I have also checked Raymond’s explanation in the topic below -

I wondered how sigmoid(z1-z2) is equivalent to sigmoid(z1)?

It would be great if someone could explain the derivation of the softmax function from the Sigmoid function.

Thanks
Tamal

My response here:

Let’s see if it makes sense to everyone :wink:

Cheers,
Raymond

I got lost in the algebra when I tried to write out a proof.

The other thread doesn’t work out the derivation of your formula either.

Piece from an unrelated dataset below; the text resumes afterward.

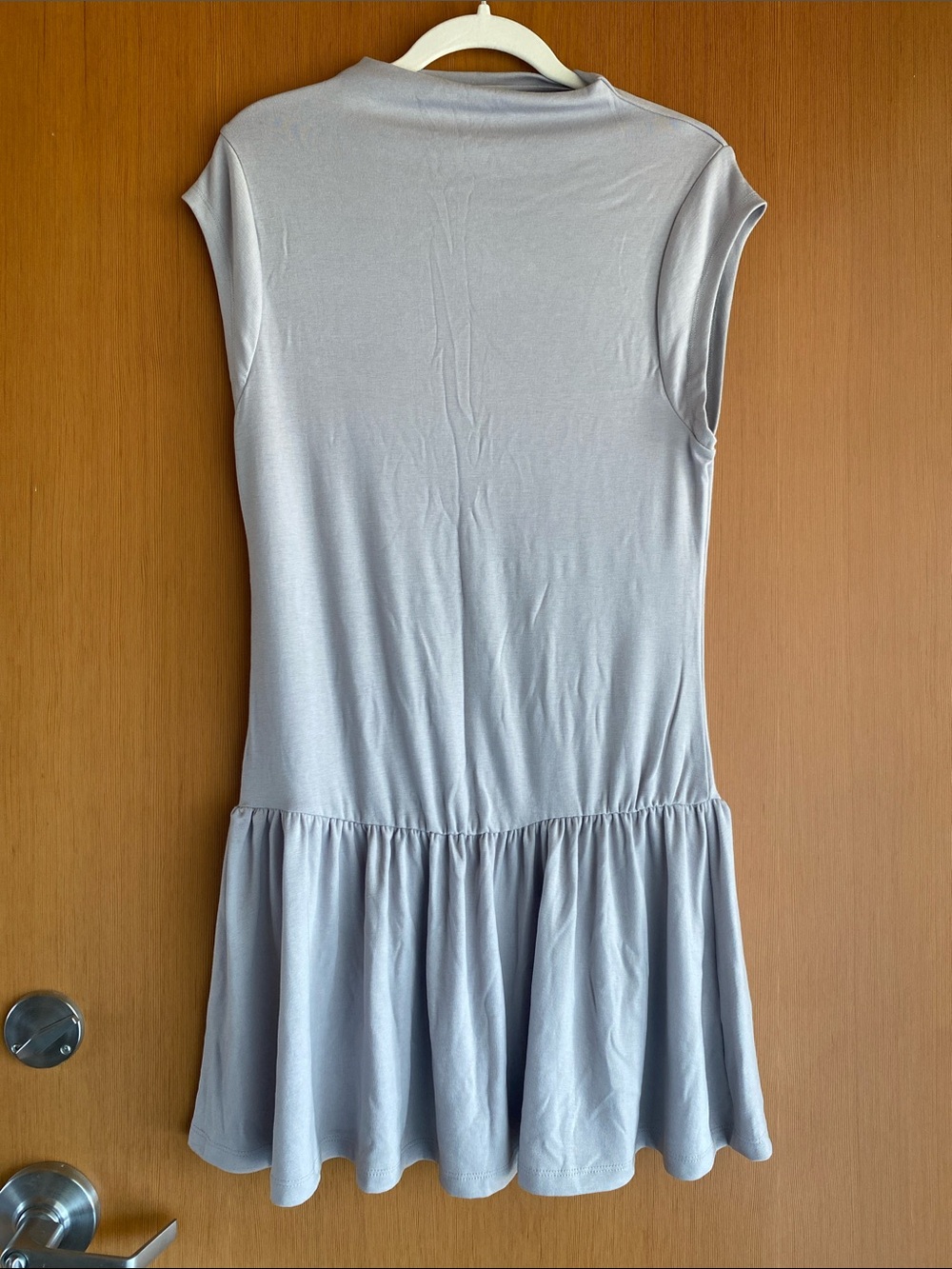 FP Beach Cap Sleeve Light Gray Mini Drop-Waist Dress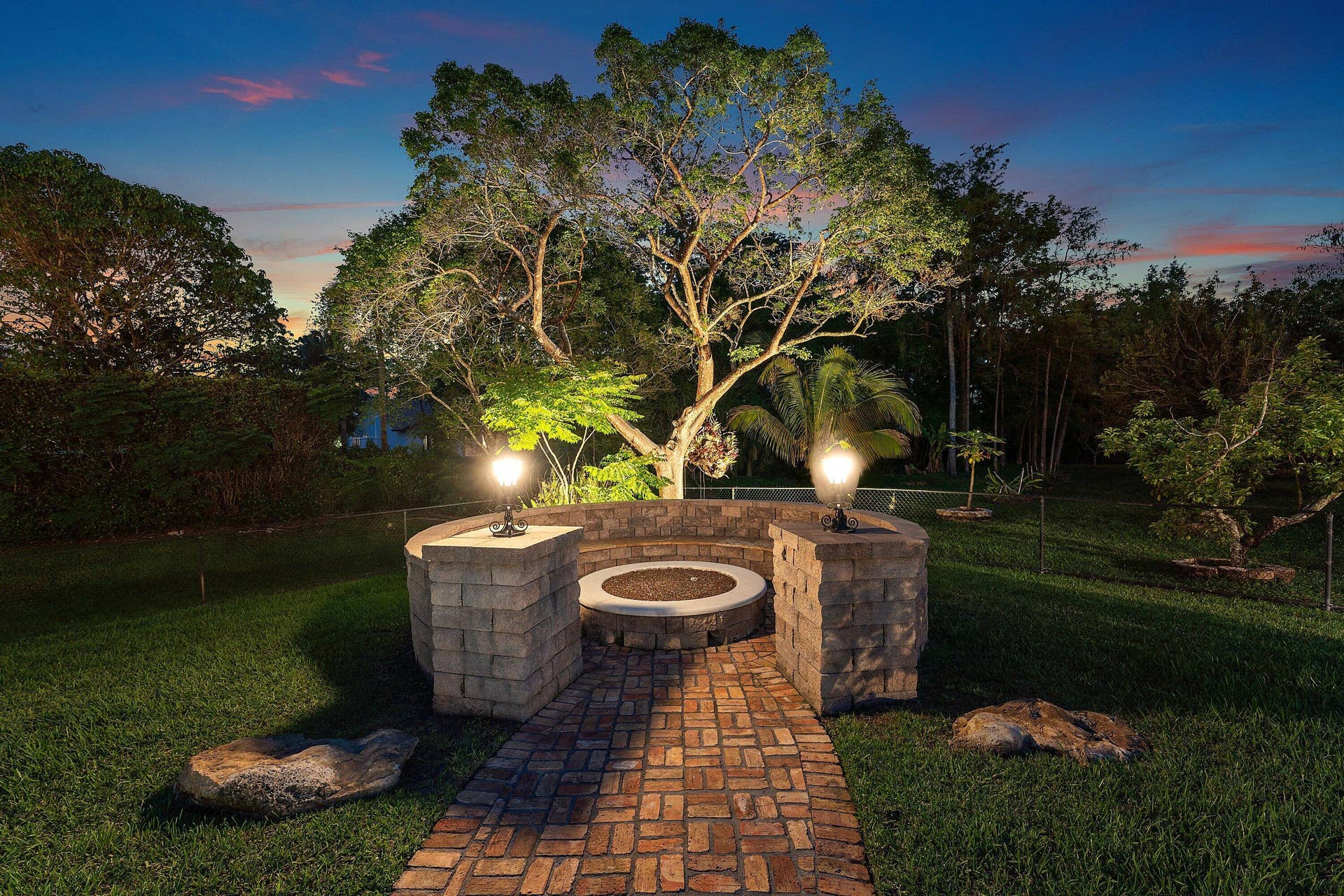 Artisan Fire Pit with Stone Seating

It would be really informative to see it worked out.

1 Like

Hi @tamalmallick,

For 2 classes the softmax is identical to the sigmoid:

\begin{align} {\bf z} = [z, 0] \\ {\rm Softmax}({\bf z})_1 &= {e^z \over e^z + e^0} = {e^z \over e^z + 1} = {1 \over 1 + e^{-z}} = \sigma(z) \\ {\rm Softmax}({\bf z})_2 &= {e^0 \over e^z + e^0} = {1 \over e^z + 1} = 1 - \sigma(z) \end{align}

Hi @consell,

Thanks for this, but I have a follow-up question. You mentioned z = [z,0]. I wondered how z becomes 0 in 2 classes when z is a linear expression z=W.X+b?

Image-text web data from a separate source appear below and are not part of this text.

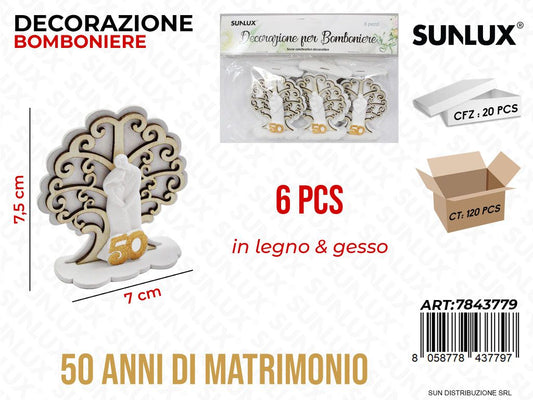Dec. Bomb. 50ANNI Matrimonio 6PCS 7*7.5CM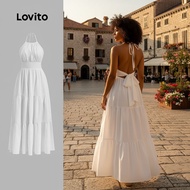 Lovito Women's Boho Tiered Layer Plain Dress L133AD055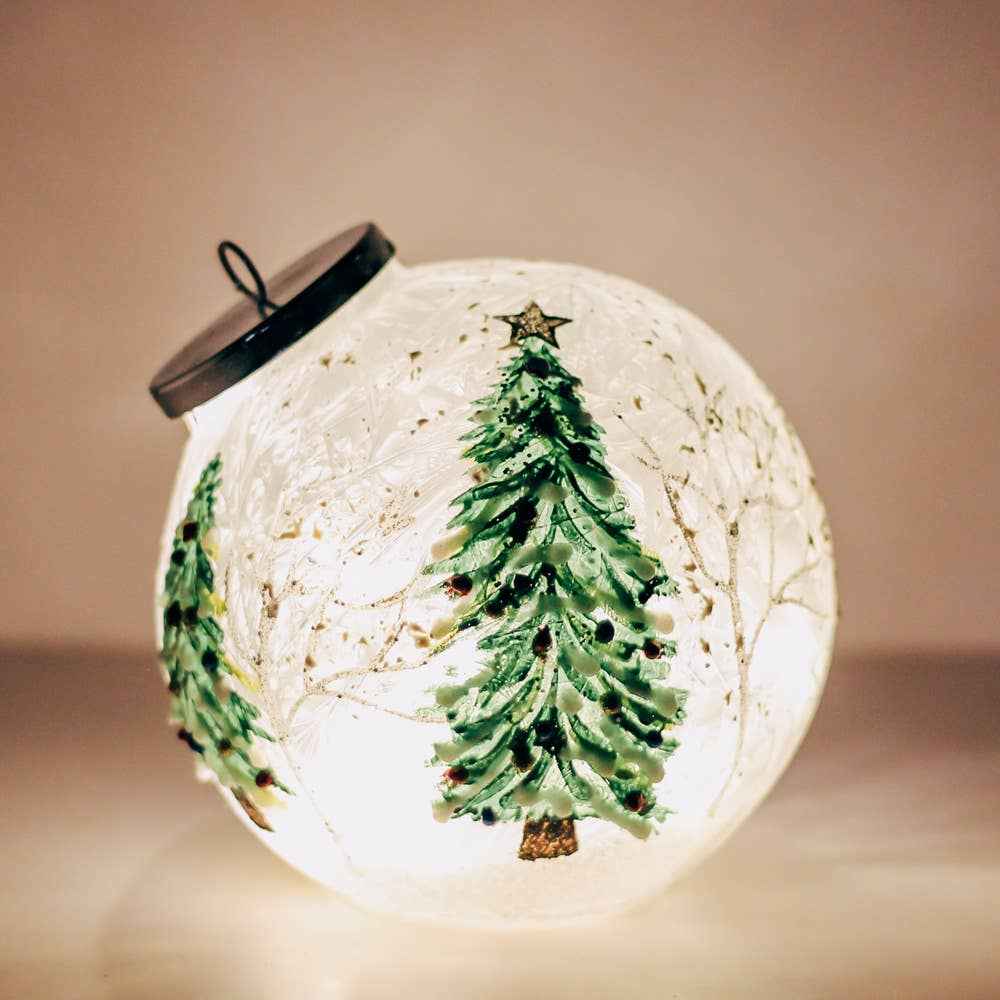 Christmas Trees Ornament Crackle Glass LED Holiday Lights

That seems to be a specific example where it is assumed that the output of the first unit is ‘z’, and the output of the second unit is zero.

I’d like to see a derivation where z1 and z2 are both any real numbers.

1 Like

@tamalmallick,

The softmax function is shift invariant for any constant c:

\begin{align} {\rm Softmax}([z_1, z_2]) &= \left[ {e^{z_1} \over e^{z_1} + e^{z_2}}, {e^{z_2} \over e^{z_1} + e^{z_2}} \right] \\ &= \left[ {e^{z_1} e^{-c} \over e^{-c} (e^{z_1} + e^{z_2})}, {e^{z_2} e^{-c} \over e^{-c} (e^{z_1} + e^{z_2})} \right] \\ &= \left[ {e^{z_1 -c} \over e^{z_1 - c} + e^{z_2 - c}}, {e^{z_2 - c} \over e^{z_1 - c} + e^{z_2 - c}} \right] \\ &= {\rm Softmax}([z_1 - c, z_2 -c]). \end{align}

(This fact is used to ensure numerical stability by subtracting the maximum logit from all logits)
So, for binary classification, we can shift the logits by setting c = z_2:

{\rm Softmax}([z_1, z_2]) = {\rm Softmax}([z_1 - z_2, 0]).

Let z = z_1 - z_2. Then:

\begin{align} {\rm Softmax}([z_1, z_2]) &= {\rm Softmax}([z, 0]) \\ &= [\sigma(z), 1 - \sigma(z)] \\ &= [\sigma(z_1 - z_2), 1 - \sigma(z_1 - z_2)], \end{align}

Which is similar to the result presented by Raymond @rmwkwok, which shows that binary softmax is equivalent to sigmoid over the logit difference.
I am not sure what exactly you are trying to derive, because the softmax function converts logits z_i into probability over classes, whereas the sigmoid function maps a single logit to a probability between 0 and 1. In particular, softmax is used when you have multiple mutually exclusive classes, and it ensures that the outputs sum to 1 across all classes. Sigmoid, on the other hand, is used when you’re modeling the probability of a single class or multiple independent classes, and does not enforce that the outputs sum to 1.

“Math processing errors”.

“Math processing errors”.

Please try to reload the page, or try another browser. This error sometimes occurs on my iPhone when connection is slow.

Screenshot

I’m on Firefox on Windows 10. The “math processing error” seems to have resolved itself.